Writing TEX is essentially very flexible. Everybody can create her or his own macros, making writing (possibly) easier, but making exchange of data cumbersome. Some TEX “dialects”

have evolved that restrict this freedom and provide some “guardrails” for creating documents, most notably L^ATEX. But still the variation of styles can be very broad, so the first task of the TEX Document Center is to provide a standard environment for L^ATEX documents against which the individual documents are measured. This will give the authors a framework document to start writing TEX and a collection of additional files that are considered to be useful, e.g. for writing TEX in German. Obviously these would have to be different for Chinese TEX.Further help will be given through links to available TEX distributions and information, to a collection of questions and answers regarding problems handling TEX. So this part will essentially provide everything needed to create a high quality TEX document that is easily transferred to some other system and can be archived without any losses in content or presentation.

This information section will also offer advice to handle TEX documents for people who do not want to write TEX or look into these files at all; in particular, it should allow librarians at university libraries confronted with a thesis written in TEX to “do the right thing”, which usually shouldn’t be much more than sending the whole package to the TEX Document Center and let the system handle it.

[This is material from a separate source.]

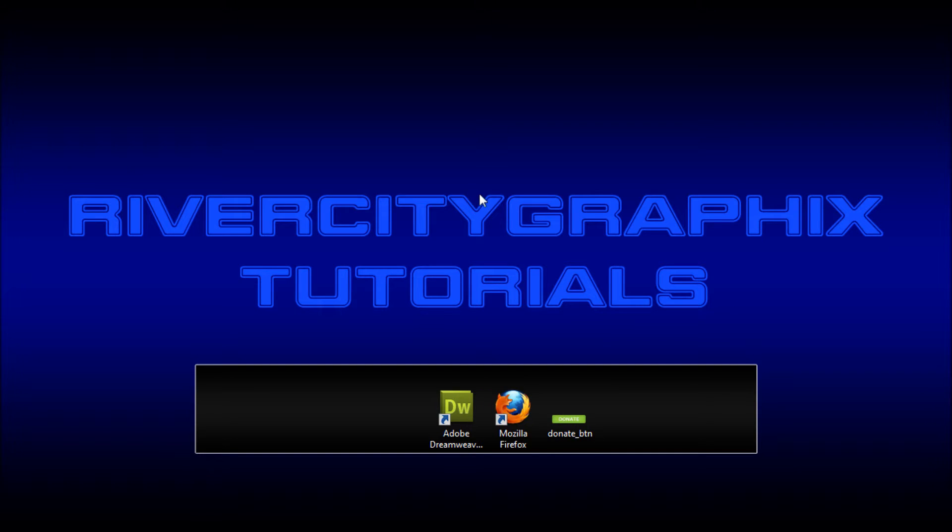Welcome to this tutorial brought to you by River City Graphics. Today I'll be showing you how to use CSS to create quick opacity change rollovers.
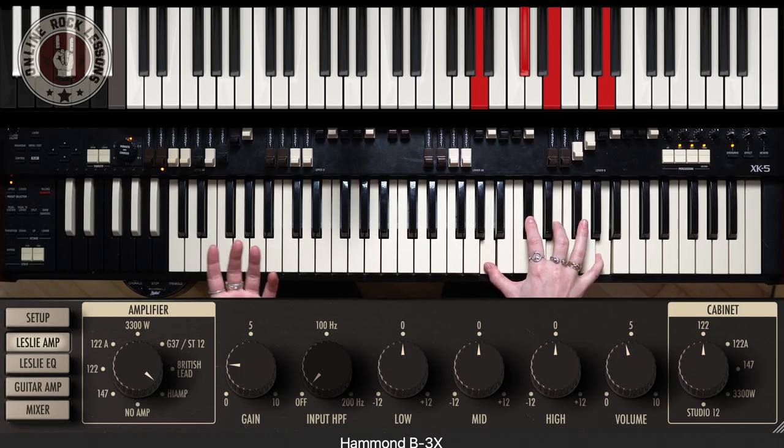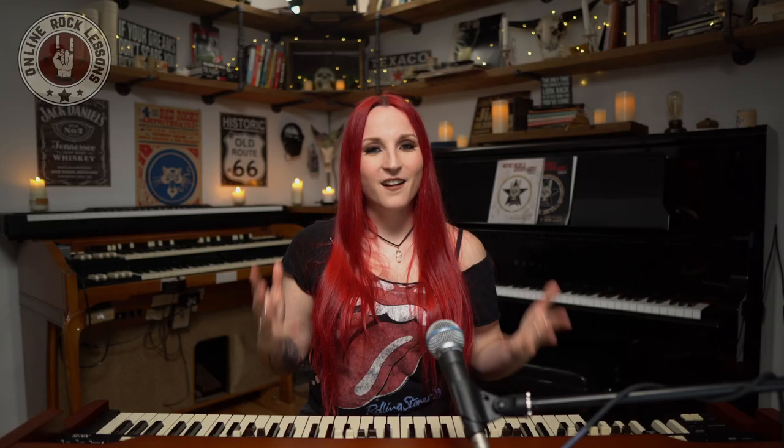I have the percussion and the vibrato off, and we're also going to use the Leslie. I love to use a little bit of distortion in the Hammond sound, so for this plugin I'm going to use this setting right here — it gives us a little bit of distortion. Highway to Hell is in the key of A major and we are in 4/4.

Validation and compilation

While the above part will give the means to create high quality documents, this part will ensure and prove that the given documents are actually conformant to the standards set in the first stage.

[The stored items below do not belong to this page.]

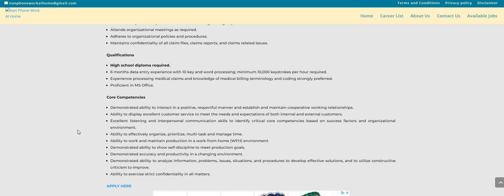Also ability to effectively organize, prioritize, multitask, and manage time. Ability to work and maintain productivity in a work from home environment. Demonstrated ability to show self-discipline to meet the production goals. Demonstrated accuracy and productivity in a changing environment. Demonstrated ability to analyze information, problems, issues, situations, and procedures to develop effective solutions and to utilize constructive criticism to improve.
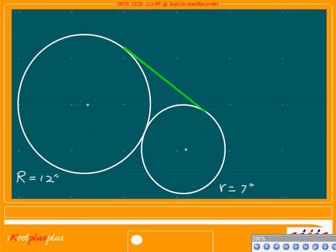Two circles together — tangent circles, right? Now we have two centers right here. The bigger circle has a radius of 12 inches, the smaller one 7 inches. We are looking for the tangent line — that's a common tangent line, right? So from that point all the way to that point.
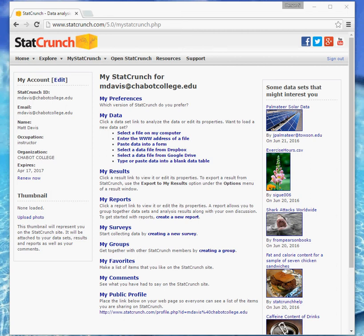Hello, here's a quick video for you on how to join the Math 43 StatCrunch group so that you can load data into StatCrunch rather than typing it in from the book.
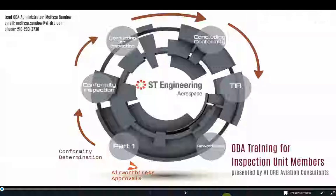Welcome to the VTDRB online training modules. This module will cover the FAA delegation system and is needed for both the conformity determination training, shown with red arrows around the circle, and the training for domestic and export airworthiness approvals, shown with the small red triangle going to the left. When you complete this module, you'll have finished part one for each of these courses. There will be an assessment at the end that you'll need to pass with a score of 70% or better, so it's important to pay attention to the material covered in this video.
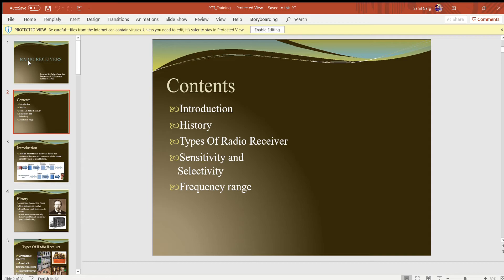Let's discuss the first things about radio receivers: when was it invented, who invented it, how many types of radio receivers are there, what is sensitivity, what is selectivity, and what is frequency? We will discuss each one by one in the slides.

A validator will check submitted TEX file collections for completeness and redundancy.

This will be build on the software developed for the ArXiv site and provide appropriate feedback to the author on how to improve the document if validation fails. This will be an interactive process, where the author will keep control of the article from start to end, but the mechanism will guarantee a final product that can be compiled and archived safely.

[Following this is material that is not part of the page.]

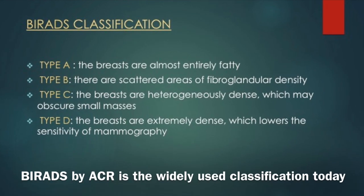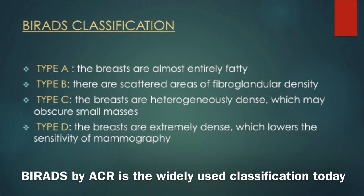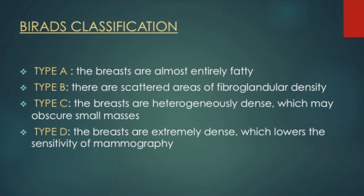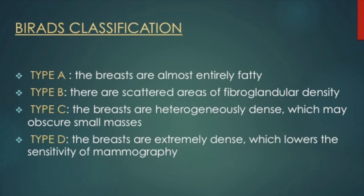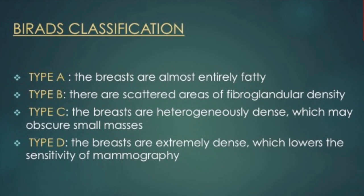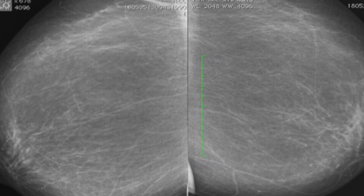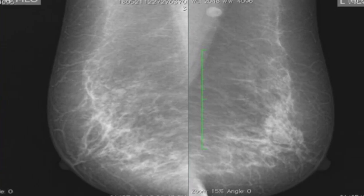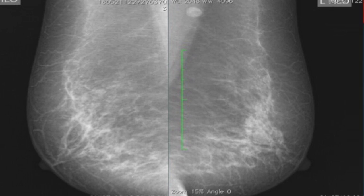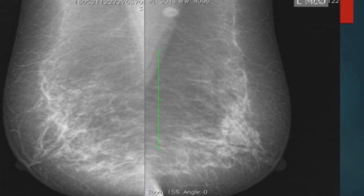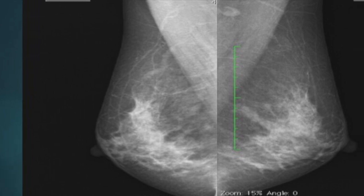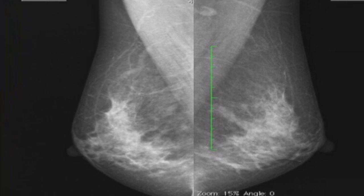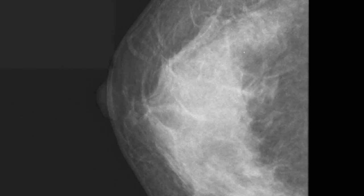The BI-RADS system was proposed by the American College of Radiology and is used worldwide in clinical radiology. It is a modification of Wolf's classification and has four main categories. Type A includes breasts which are almost entirely fatty. Type B includes breast tissue with scattered areas of fibroglandular density. Type C includes heterogeneously dense breasts which may obscure small masses, and Type D includes extremely dense breasts which lowers the sensitivity of the mammogram.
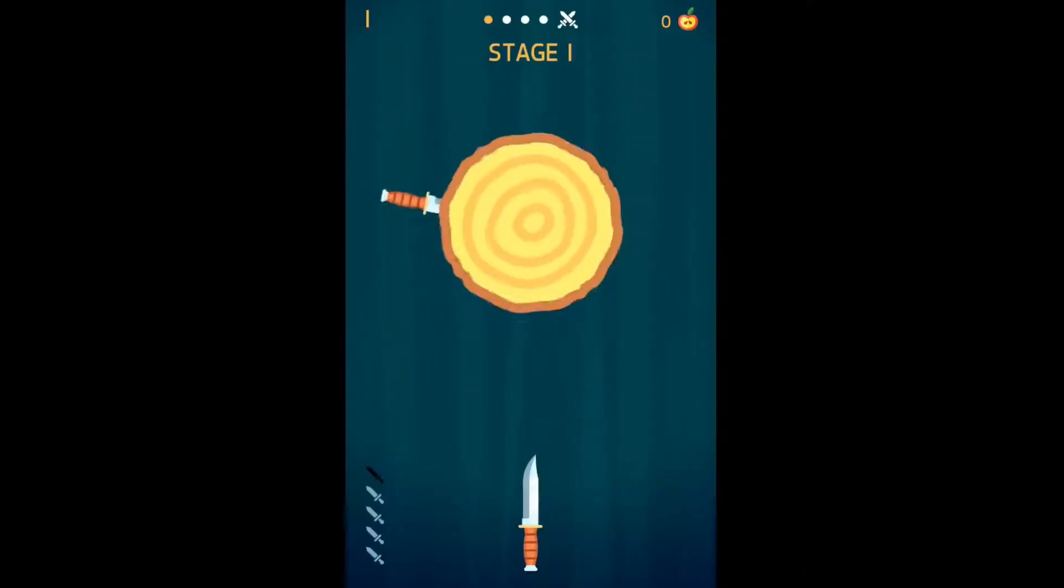Right hello there and welcome to another devlog. Today we are going to be creating a mobile game inspired by Knife Hit in under 24 hours. So let's not waste any time and get right into it.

If the validation is successful, the submitter can choose to have the document compiled, and output in various formats can be produced. While PostScript and DVI are options, the preferred output format most likely will be PDF. Given adherence to the formulated standards, high quality PDF can be produced, including linked tables of contents and indices, interlinked bibliographies etc. This will be highly scalable and fit for reading on-screen as well as for high resolution printing.

We think that this feature will allow “non-TEXies” like librarians to handle TEX docu- ments easily. An electronic thesis supplied as a collection of TEX files will be just transferred to the TEXDocC server, and the PDF file returned will be used for the printed version and the web presentation of the paper.

Given the availability of the TEX source documents, other conversions might prove to be useful. In particular, the MathML standard is increasingly supported by modern browsers and provides convenient presentations for mathematics. So the emergence of conversion tools from TEX to MathML will be closely monitored to be able to provide this additional format as soon as appropriate tools become available (but probably only in a later project).

Archiving

To go beyond a mere service for producing and handling TEX documents, the final step will be a facility to archive these documents and make them readily available. Towards this end, an upload for TEX files will be installed, which will build on the previous stage: no upload without validation. Additional information will be extracted from the files and fed into a metadata template that will give a basic description and classification of the given document.

Nevertheless the author will be required to provide additional personal and bibliographic data, but this should be supported by the system to minimize the effort necessary.

The uploaded document and the provided metadata are the starting point of the full bibliographic description required for serious long-term archiving. The TEXDocC database will provide its own search facilities to make its archive a full-scale server for electronic docu- ments; but a link to the German reference journal “Zentralblatt der Mathematik” will make the uploaded articles available through the appropriate section of this journal (e.g. preprints) as well.

Metadata

The idea of TEXDocC is to create an archive of TEX documents that is easily accessible and a safe long-term repository at the same time. While this requires an advanced techni- cal infrastructure together with concepts for the secure preservation of the data (back-up, redundancy), the major problems lie elsewhere.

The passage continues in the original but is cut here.